Had you stayed by the river and foraged I am sure you would have found wild foods in abundance, many waterside and woodland plants are both edible and tasty – even you were struggling with swallowing your slug.  Later I admit you plucked a nettle, but only to show us how ‘hard’ you are by pulling off all the leaves to make cordage – you could have been making nutritious and tasty soup with those leaves!

Why do you do this to yourself? It does nothing to promote the benefits of wild food foraging, only just how difficult and dangerous it can be.

 

 

Sunday was a great walking day – bright sunshine interspersed with face stinging hail!  I walked a long walk (to Beeley Moor above Chatsworth) and was amazed by the variety of wild food to be foraged so early in the year.  Looking back over past year’s blogs its sometimes not until the end of March that there is anything to be foraged at all.  A full list here would be a bit boring – but these are some of the highlights

  • a very large patch of Bistort – cooked like spinach – Bistort is like a smaller dock 
  • some tansy
  • first signs of wood sorrel

I was also very aware that whilst the trees are still bare its a useful time to be thinking about your ‘wild food map’ for later in the year – wild raspberry canes are clear in the undergrowth, damson and sloe bushes are coming into flower, as are some wild (or alpine) strawberries in sheltered areas, I also came across two patches of gooseberries coming into leaf (probably garden escapes, but still wild food if they fruit).  Definitely one or two places to revisit later in the year.

 

Spring Snacks

I was lucky enough to be able to take a day out of my working week to visit Calke Abbey in Derbyshire with my sister and niece for a girlie day out – National Trust cafe and walled garden.  Not everyone’s cup of tea, but we had a lovely time 🙂 despite the wind and we back in the car just as the rain started to fall.

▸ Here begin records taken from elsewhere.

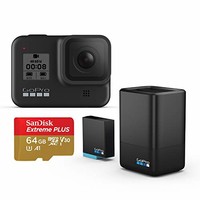 GoPro HERO8 Black + 额外电池 + SD存储卡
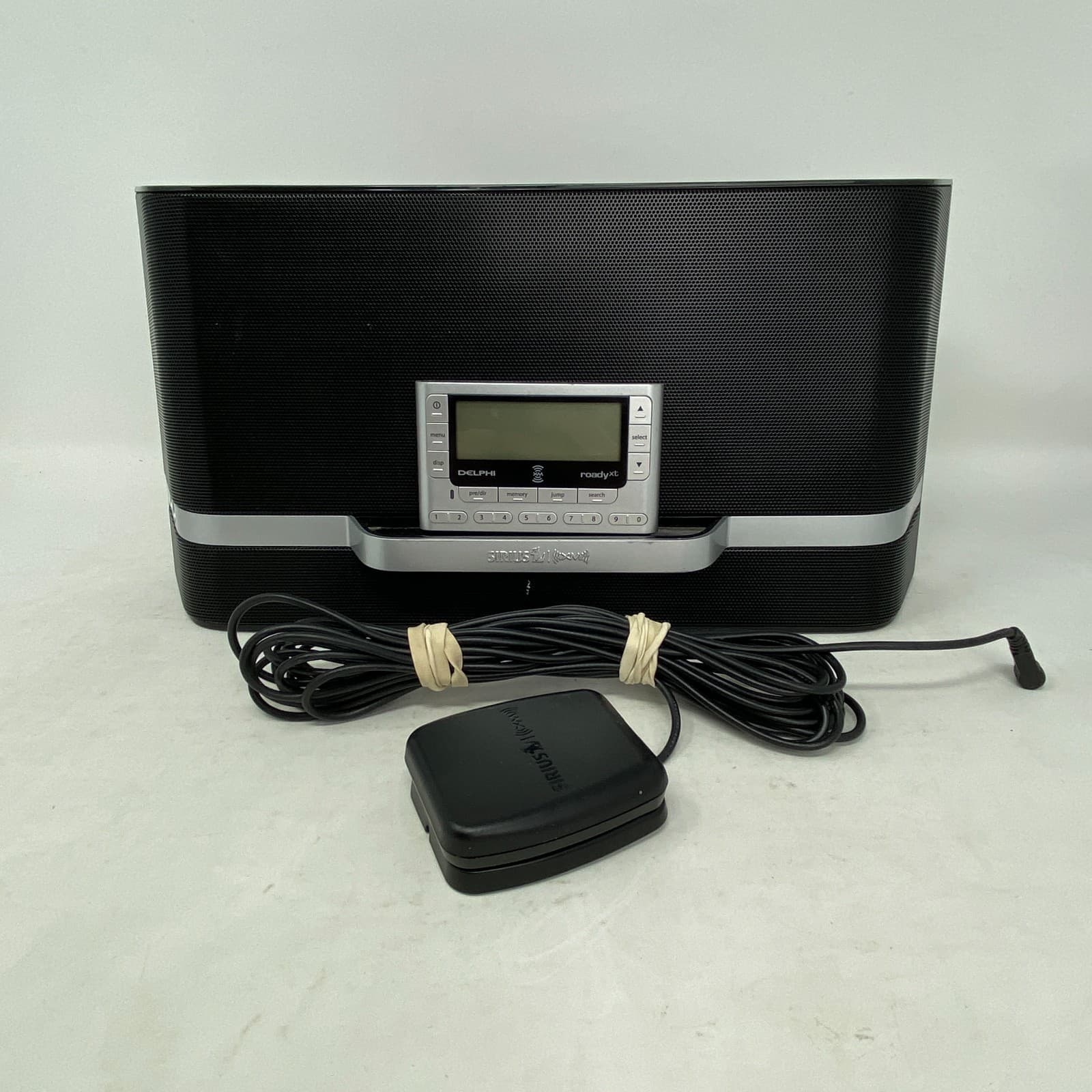 Sirius XM Radio SXABB1  Speaker Doc and Delphi SA10177 w/ antenna. WORKING!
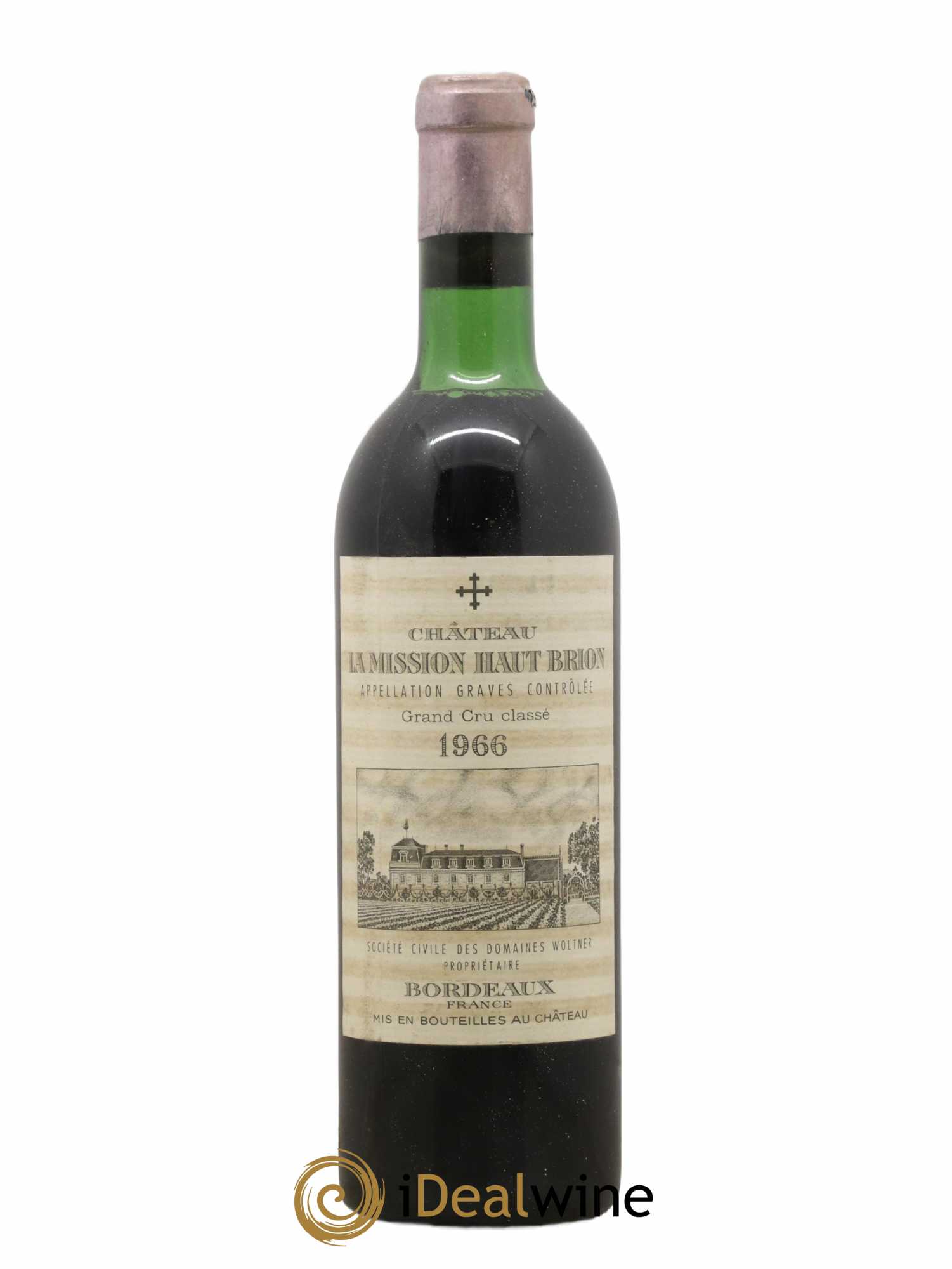 Château la Mission Haut-Brion Cru Classé de Graves 1966 - Lot de 1 bouteille - 0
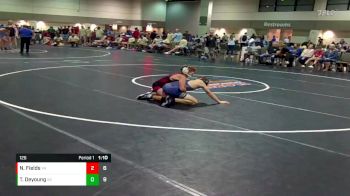 126 lbs Round 2 (6 Team) - Titus Deyoung, Brevard FCA- Island Style vs Noah Fields, Terre Haute Black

A walk through the grounds gave me my first taste of several early ‘ambulating snacks’ – sorrel – so shape and bright, hogweed shoots – peeled of their hairy coat have a peppery-celery taste and… I just had to show off  – pinching out the top of a nettle, rubbing it hard between finger and thumb and eating it raw – cool trick – no sting and lots of early spring goodness.

 

Spring in Shipley

Shipley Park yesterday afternoon was perfect for a bike ride to blow away the cobwebs along with the last of my cold.  Plenty of ingredients for a spring salad – starting of with chickweed, sweet and plentiful, a handful of early hawthorn leaves, some cow parsley (be sure of your identification at this early stage), a handful of dandelion leaves – the newer and less toothed the less bitter, some hairy bittercress adds a pop of  flavour, as does wild garlic and garlic mustard (jack by the hedge) add to this some chopped early hogweed stem, a few gorse flowers – adding a splash of bright colour (do they taste of peas or coconut?).

Most walks urban or countryside will provide a variety like this, enough to make an interesting mixed leaf salad with far more taste and vitamins than anything you can pick up in the supermarket.

 

Warmest Day of the Year so Far!

Well, we are at the beginning of March – as I recall pretty near the start of the year, winter is just coming to a close…the media is running with headlines that we are having the warmest day of the year so far…that would be a headline if it was November or even September, but March?? Surely it’s not really news that it is warmer than January or February??

Anyway – rant over – this unseasonably warm weather has resulted in some brilliant very early foraging, before even the snowdrops have finished.  The hawthorn leaves have already started to sprout – grab a handful and pop in a cheese sandwich adding a great nutty taste; wild garlic leaves are popping up in all sorts of places – around streams and ponds – it prefers damp growing conditions – use a handful wherever you would use bulb garlic; garlic mustard in the bottoms of hedges – pick it only in those areas not in the DPZ (dog pee zone); dandelions and nettles are both also coming up – nettle soup will very soon be on the menu for my lunch.